Everyone wants to look and feel their best. Many people struggle with their weight and are seeking a "magic bullet" that will help them lose weight quickly. While there are no such foods that guarantee easy weight loss, certain foods can help manage your weight.
One area getting a lot of interest in weight control is dairy and calcium intake, with some research suggesting that three servings of milk, cheese or yogurt each day as part of an energy-restricted diet help people lose weight. Such a diet also may help shed body fat, reduce waist circumference and increase lean mass.1 Many studies have been done on this link between dairy intake and weight:
  • A 2004 study concluded that people who consume three servings of dairy each day while on a reduced-calorie diet lose more weight than individuals consuming the same calorie-level, low-dairy diet.2
  • A review of research published in 2008 looked at more than 90 studies—including randomized clinical trials, metabolic experiments and observational studies—and found a link between high calcium intake and better body composition and weight maintenance across a range of ages.3
  • A review of 16 randomized clinical trials—the ‘gold standard’ of nutrition research—concluded that including dairy products in weight loss diets improves weight, body fat mass, lean mass and waist circumference compared with low-dairy weight loss diets.1
  • Another study found that adequate calcium intake--specifically from milk and dairy foods--decreases the risk of overweight people becoming obese or developing metabolic syndrome, type 2 diabetes and cardiovascular disease.4
These results extend to children and adolescents as well:
  • A 2008 study analyzing National Health and Nutrition Examination Survey (NHANES) data found that adolescents who ate more dairy food had less body fat and a lower body mass index (BMI) than those who ate less.5
  • Adolescent girls whose diets more closely resembled the DASH eating pattern—rich in low-fat dairy products, fruits, vegetables and whole grains—had smaller gains in BMI (body mass index) over 10 years.
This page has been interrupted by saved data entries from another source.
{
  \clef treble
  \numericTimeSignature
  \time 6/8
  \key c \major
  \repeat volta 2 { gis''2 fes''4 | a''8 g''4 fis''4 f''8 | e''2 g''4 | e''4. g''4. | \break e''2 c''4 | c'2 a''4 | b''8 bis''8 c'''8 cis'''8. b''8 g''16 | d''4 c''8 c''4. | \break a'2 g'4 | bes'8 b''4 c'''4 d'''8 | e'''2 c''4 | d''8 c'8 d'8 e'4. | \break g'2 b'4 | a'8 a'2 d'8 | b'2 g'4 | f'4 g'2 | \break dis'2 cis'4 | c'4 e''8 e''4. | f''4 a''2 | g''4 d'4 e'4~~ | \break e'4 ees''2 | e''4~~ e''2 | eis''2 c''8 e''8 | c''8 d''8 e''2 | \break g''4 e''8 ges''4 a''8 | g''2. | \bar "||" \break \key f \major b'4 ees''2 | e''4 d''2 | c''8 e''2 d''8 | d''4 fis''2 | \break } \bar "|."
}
Their dairy and fruit intakes were most closely linked to lower weight gains.6
While not all studies are consistent,7 the majority of the evidence indicates that consuming adequate calcium from dairy may help with weight loss and improve body composition when dieting. The mechanism of this effect is under investigation:
  • Calcium, specifically from dairy products, may help burn fat which could result in less fat being stored.
  • Components (such as protein) in dairy products may lead to earlier satiety.
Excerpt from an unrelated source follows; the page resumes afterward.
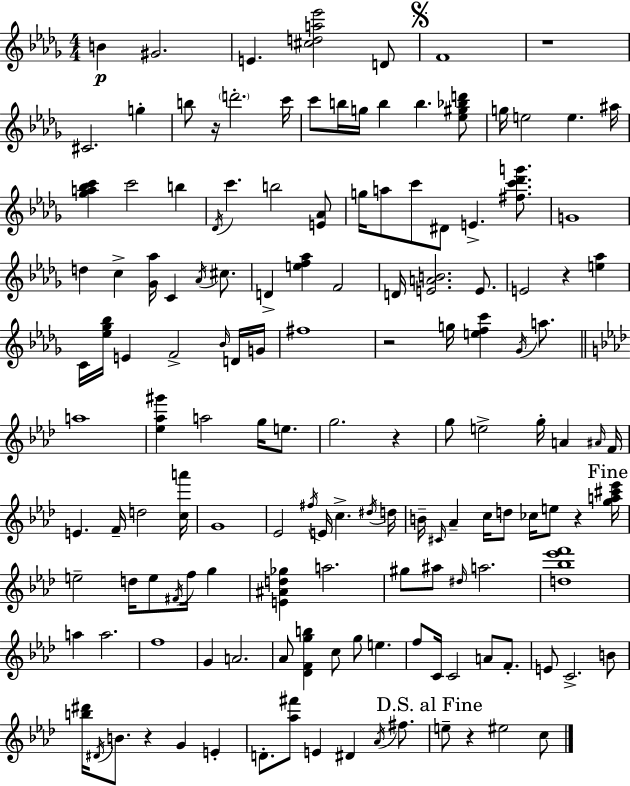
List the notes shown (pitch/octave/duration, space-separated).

B4/q G#4/h. E4/q. [C#5,D5,A5,Eb6]/h D4/e F4/w R/w C#4/h. G5/q B5/e R/s D6/h. C6/s C6/e B5/s G5/s B5/q B5/q. [Eb5,G#5,Bb5,D6]/e G5/s E5/h E5/q. A#5/s [Gb5,A5,Bb5,C6]/q C6/h B5/q Db4/s C6/q. B5/h [E4,Ab4]/e G5/s A5/e C6/e D#4/e E4/q. [F#5,C6,Db6,G6]/e. G4/w D5/q C5/q [Gb4,Ab5]/s C4/q Ab4/s C#5/e. D4/q [E5,F5,Ab5]/q F4/h D4/s [E4,A4,B4]/h. E4/e. E4/h R/q [E5,Ab5]/q C4/s [Eb5,Gb5,Bb5]/s E4/q F4/h Bb4/s D4/s G4/s F#5/w R/h G5/s [E5,F5,C6]/q Gb4/s A5/e. A5/w [Eb5,Ab5,G#6]/q A5/h G5/s E5/e. G5/h. R/q G5/e E5/h G5/s A4/q A#4/s F4/s E4/q. F4/s D5/h [C5,A6]/s G4/w Eb4/h F#5/s E4/s C5/q. D#5/s D5/s B4/s C#4/s Ab4/q C5/s D5/e CES5/s E5/e R/q [G5,A5,C#6,Eb6]/s E5/h D5/s E5/e F#4/s F5/s G5/q [E4,A#4,D5,Gb5]/q A5/h. G#5/e A#5/e D#5/s A5/h. [D5,Bb5,Eb6,F6]/w A5/q A5/h. F5/w G4/q A4/h. Ab4/e [Db4,F4,G5,B5]/q C5/e G5/e E5/q. F5/e C4/s C4/h A4/e F4/e. E4/e C4/h. B4/e [B5,D#6]/s D#4/s B4/e. R/q G4/q E4/q D4/e. [Ab5,F#6]/e E4/q D#4/q Ab4/s F#5/e. E5/e R/q EIS5/h C5/e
  • Calcium in the intestine may bind with fat, preventing its absorption.
Many people avoid dairy products when dieting as a way to cut calories, not realizing this is counter-productive. It is important to include dairy products in any diet plan for their benefits to bone health, blood pressure, cancer as well as these possible benefits to weight management. Overall, dairy products contribute only 9 percent of the calories in the U.S. food supply, yet they provide a large proportion of several essential nutrients such as protein, calcium, potassium, magnesium and vitamins A, B12 and D.
The latest data from the Centers for Disease Control’s National Center for Health Statistics show that 36 percent of U.S. adults—over 60 million people—are obese. Among children and teens aged 2–19 years, 17 percent are overweight, a tripling since 1980.8 Being overweight or obese increases the risk of many chronic diseases and health conditions, raising the stakes for the importance of maintaining a healthy weight.
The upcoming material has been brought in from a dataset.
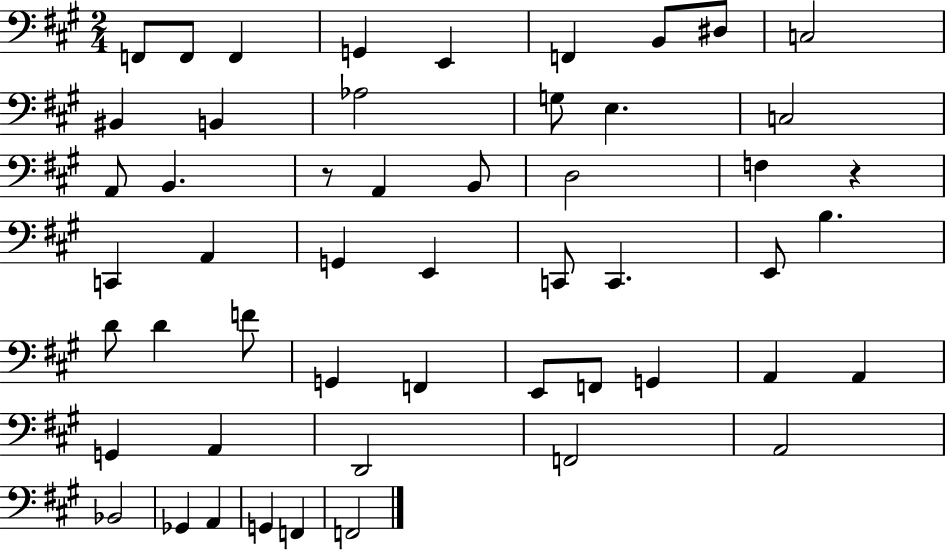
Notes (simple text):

F2/e F2/e F2/q G2/q E2/q F2/q B2/e D#3/e C3/h BIS2/q B2/q Ab3/h G3/e E3/q. C3/h A2/e B2/q. R/e A2/q B2/e D3/h F3/q R/q C2/q A2/q G2/q E2/q C2/e C2/q. E2/e B3/q. D4/e D4/q F4/e G2/q F2/q E2/e F2/e G2/q A2/q A2/q G2/q A2/q D2/h F2/h A2/h Bb2/h Gb2/q A2/q G2/q F2/q F2/h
1 Abargouei AS et al. Int J Obes (Lond). 2012 Jan 17. doi:10.1038/ijo.2011.269. 
2Zemel et al. Obesity Research. 2004; 12(4): 582-590.
3 Heaney R., Rafferty K. Nutrition Reviews 2009;67(1):32-39. 
4 Pereira et al. J of Am Med Assoc. 2002; 287:2081-2089.
5 Moore LL et al. Journal of the American College of Nutrition. 2008;27:702-710.
6 Berz JP et al. Arch Pediatr Adolesc Med. 2011 Jun;165(6):540-6.
7 Louie JC et al. Obes Rev. 2011 Jul;12(7):e582-92. doi:10.1111/j.1467-789X.2011.00881.x.